Scientific results abounded as well, but were not its primary product. Timely development of DSN capabilities was the major result. Preparations for a radar observation at the DSN Technology Development Field Site bore many resemblances to those for a spacecraft planetary encounter, since the radar observations could only be successful during the few days when the Earth and the radar target were closest together.
In the conventional formulation of the radar sensitivity equations, that sensitivity depends upon the Aperture, Temperature, Power, and Gain of the system elements. Here, aperture refers to the effective size, or collecting area and efficiency of the receiving antenna, and temperature is a way of referring to the noise in the receiving system, where a lower temperature means a lesser noise; power refers to the raw power level from the transmitter, and gain is the effective gain of the transmitting antenna, which depends in turn upon its size, its surface efficiency, and the frequency of the transmitted signal. Where the same antenna is used to both transmit and receive, the antenna size and efficiency appear twice in the radar equations.
Significant improvements to the DSN's capability for telemetry reception were to come from the move upward in frequency from S-band (2 GHz) to X-band (8 GHz) on the large 64-m antennas. Performance of these antennas at the higher frequencies and the ability to successfully point them were uncertain, however, and these uncertainties would best be removed by radar observations before the first spacecraft with X-band capabilities were launched. The radar had obvious benefit from the large antenna and the higher frequency. The first flight experiment for X-band was scheduled to be on MVM 73. Successful radar observations from the Goldstone 64-m antenna demonstrated that the challenge of operating the large antennas at the higher X-band frequency could be surmounted.
High-power transmitters were needed by the DSN for its emergency forward-link functions, but were plagued by problems such as arcing in the waveguide path when power densities became too high. High-power transmitters were essential for the radar to "see" at increased distances and with increased resolution. Intense development efforts at the DSN Technology Development Field Site could take place without interference or risk to spacecraft support in the Network. Successful resolution of the high-power problems for the radar under the Advanced Systems Program became the successful implementation of the high-power capability needed by the Network.
Low-noise amplifiers were needed by the DSN to increase data return from distant spacecraft. Low-noise amplifiers were essential for the radar to enable it to detect echoes from increasingly distant targets or to provide for increased resolution of already detectable targets. The appetite of the radar system for increasingly lower noise levels provided a motivator for the Advanced Systems Program to develop the extremely low-noise TWM amplifiers that would be transferred for implementation throughout the DSN.

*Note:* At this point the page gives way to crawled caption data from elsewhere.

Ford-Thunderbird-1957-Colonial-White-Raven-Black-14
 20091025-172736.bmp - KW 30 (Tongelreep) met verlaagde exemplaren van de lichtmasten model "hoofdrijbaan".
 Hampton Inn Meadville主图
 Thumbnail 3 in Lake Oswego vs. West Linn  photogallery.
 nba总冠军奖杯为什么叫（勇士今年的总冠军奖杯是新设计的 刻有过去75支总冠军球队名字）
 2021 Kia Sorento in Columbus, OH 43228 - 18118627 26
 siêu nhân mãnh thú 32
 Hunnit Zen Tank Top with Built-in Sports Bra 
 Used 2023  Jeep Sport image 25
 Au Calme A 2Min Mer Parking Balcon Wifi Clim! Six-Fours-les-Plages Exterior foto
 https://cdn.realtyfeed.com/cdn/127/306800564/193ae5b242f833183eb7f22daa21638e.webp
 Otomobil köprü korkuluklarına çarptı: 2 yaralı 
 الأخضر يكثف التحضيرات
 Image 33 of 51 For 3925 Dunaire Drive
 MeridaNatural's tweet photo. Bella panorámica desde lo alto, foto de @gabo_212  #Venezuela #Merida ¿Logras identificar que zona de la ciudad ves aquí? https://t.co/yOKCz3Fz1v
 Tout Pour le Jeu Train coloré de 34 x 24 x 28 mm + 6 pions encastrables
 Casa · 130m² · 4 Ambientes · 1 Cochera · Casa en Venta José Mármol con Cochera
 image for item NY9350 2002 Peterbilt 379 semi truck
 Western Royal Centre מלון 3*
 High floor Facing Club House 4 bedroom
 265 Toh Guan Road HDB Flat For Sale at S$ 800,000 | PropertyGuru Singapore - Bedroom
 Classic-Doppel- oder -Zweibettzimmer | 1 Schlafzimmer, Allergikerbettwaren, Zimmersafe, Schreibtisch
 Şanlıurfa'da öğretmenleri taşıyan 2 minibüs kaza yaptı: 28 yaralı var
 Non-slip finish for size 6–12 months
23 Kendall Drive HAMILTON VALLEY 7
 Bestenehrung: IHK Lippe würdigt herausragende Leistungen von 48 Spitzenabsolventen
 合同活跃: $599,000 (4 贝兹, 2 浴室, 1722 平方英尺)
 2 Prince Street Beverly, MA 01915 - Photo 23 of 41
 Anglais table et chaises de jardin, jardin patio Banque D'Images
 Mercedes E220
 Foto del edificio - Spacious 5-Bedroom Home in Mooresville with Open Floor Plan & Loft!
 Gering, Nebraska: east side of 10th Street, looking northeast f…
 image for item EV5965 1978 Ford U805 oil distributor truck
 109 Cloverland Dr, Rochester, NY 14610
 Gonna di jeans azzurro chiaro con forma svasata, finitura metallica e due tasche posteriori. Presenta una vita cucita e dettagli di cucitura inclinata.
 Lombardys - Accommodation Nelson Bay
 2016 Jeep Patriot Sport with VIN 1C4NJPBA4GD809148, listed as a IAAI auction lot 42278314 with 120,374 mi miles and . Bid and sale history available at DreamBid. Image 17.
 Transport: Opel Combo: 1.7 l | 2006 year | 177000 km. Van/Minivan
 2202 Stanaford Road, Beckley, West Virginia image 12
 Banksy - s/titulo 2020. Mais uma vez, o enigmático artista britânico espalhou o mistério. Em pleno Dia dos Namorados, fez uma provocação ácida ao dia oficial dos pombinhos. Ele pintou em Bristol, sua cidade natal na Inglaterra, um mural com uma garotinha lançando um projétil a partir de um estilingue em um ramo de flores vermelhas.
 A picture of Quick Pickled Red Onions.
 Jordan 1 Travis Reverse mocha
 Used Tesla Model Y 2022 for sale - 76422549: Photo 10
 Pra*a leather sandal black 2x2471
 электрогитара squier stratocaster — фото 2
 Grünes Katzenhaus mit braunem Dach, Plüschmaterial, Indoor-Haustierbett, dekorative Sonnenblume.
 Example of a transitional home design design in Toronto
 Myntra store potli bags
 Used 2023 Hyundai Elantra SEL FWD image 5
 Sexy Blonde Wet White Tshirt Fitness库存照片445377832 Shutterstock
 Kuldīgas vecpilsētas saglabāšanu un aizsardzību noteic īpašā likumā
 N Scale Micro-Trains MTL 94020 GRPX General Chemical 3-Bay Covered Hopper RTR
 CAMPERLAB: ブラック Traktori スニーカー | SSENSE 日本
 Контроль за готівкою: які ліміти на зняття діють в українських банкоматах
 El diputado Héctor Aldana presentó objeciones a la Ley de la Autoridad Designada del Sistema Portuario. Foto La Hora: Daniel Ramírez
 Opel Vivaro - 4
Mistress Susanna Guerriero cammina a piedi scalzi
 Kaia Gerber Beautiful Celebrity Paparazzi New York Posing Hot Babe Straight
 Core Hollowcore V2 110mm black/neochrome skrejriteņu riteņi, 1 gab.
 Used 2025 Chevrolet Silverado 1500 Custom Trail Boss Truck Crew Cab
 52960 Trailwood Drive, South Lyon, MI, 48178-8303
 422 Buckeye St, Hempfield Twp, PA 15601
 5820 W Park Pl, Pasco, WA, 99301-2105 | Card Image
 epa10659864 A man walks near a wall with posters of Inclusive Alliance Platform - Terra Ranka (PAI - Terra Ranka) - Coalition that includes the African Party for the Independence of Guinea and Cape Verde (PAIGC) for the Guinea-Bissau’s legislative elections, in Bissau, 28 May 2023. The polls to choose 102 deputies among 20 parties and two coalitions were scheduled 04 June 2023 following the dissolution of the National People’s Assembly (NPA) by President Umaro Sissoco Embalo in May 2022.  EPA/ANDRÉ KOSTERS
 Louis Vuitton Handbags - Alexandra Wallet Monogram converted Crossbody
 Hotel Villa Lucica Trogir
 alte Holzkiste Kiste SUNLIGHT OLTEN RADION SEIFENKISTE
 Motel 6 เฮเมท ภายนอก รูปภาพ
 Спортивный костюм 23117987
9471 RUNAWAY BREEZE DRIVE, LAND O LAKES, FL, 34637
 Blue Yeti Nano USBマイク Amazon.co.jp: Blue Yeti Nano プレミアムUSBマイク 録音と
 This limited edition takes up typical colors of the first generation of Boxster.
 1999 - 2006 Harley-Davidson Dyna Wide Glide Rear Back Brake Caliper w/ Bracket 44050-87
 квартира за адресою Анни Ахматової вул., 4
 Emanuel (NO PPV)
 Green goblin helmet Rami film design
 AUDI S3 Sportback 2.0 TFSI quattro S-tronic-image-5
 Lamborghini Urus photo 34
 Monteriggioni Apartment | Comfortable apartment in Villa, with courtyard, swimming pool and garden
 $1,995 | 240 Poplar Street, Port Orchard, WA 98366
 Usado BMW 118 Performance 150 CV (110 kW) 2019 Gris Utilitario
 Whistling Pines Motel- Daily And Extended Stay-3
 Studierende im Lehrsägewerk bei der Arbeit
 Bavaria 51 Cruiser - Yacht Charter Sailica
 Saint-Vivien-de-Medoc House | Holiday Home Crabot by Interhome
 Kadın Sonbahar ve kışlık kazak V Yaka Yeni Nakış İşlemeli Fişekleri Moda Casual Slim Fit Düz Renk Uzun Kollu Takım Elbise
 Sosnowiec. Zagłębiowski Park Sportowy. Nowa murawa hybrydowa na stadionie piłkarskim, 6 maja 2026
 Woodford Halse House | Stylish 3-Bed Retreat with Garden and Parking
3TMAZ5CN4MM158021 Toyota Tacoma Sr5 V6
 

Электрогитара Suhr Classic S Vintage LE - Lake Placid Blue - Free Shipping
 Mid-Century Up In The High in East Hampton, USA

Digital systems technology was rapidly evolving during this period and would play an increasing role in the developing DSN. Equipment developed by the Advanced Systems Program for its radar application included (1) digital encoders to provide for spatial resolution of parts of the radar echo, (2) computer-driven programmable oscillators to accommodate Doppler effects on the signal path from Earth-to-target-to-Earth, and (3) complex high-speed digital signal processing and spectrum analysis equipment. Much of the digital technology learned this way would transfer quickly to other parts of the signal processing work under the Advanced Systems Program and eventually into the operational DSN. Some of the elements would find direct application, such as the programmable oscillators, which became essential for maintaining contact with the Voyager 2 spacecraft, following a partial failure in its receiver soon after launch. And the signal analysis tools would be called on many times over the years to help respond to spacecraft emergencies.
Some of the products of the early radar observations (see adjacent Figure) were both scientific in nature and essential for providing information for the planning and execution of NASA's missions. One notable "first" is the direct measurement of the astronomical unit (AU), which is the mean orbital radius of the Earth, and, it sets the scale size for the distances in the solar system. The measurement was made in support of preparations for Mariner 2 to Venus and provided a correction of 66,000 km from conventional belief at that time. It also allowed corrections that brought the mission into the desired trajectory for its close flyby of the planet. The radar system was also used in qualifying potential Mars landing sites for the Viking landers, and continues to provide information about the position and motion of the planets, which is used to update the predicted orbits for the planets of the solar system.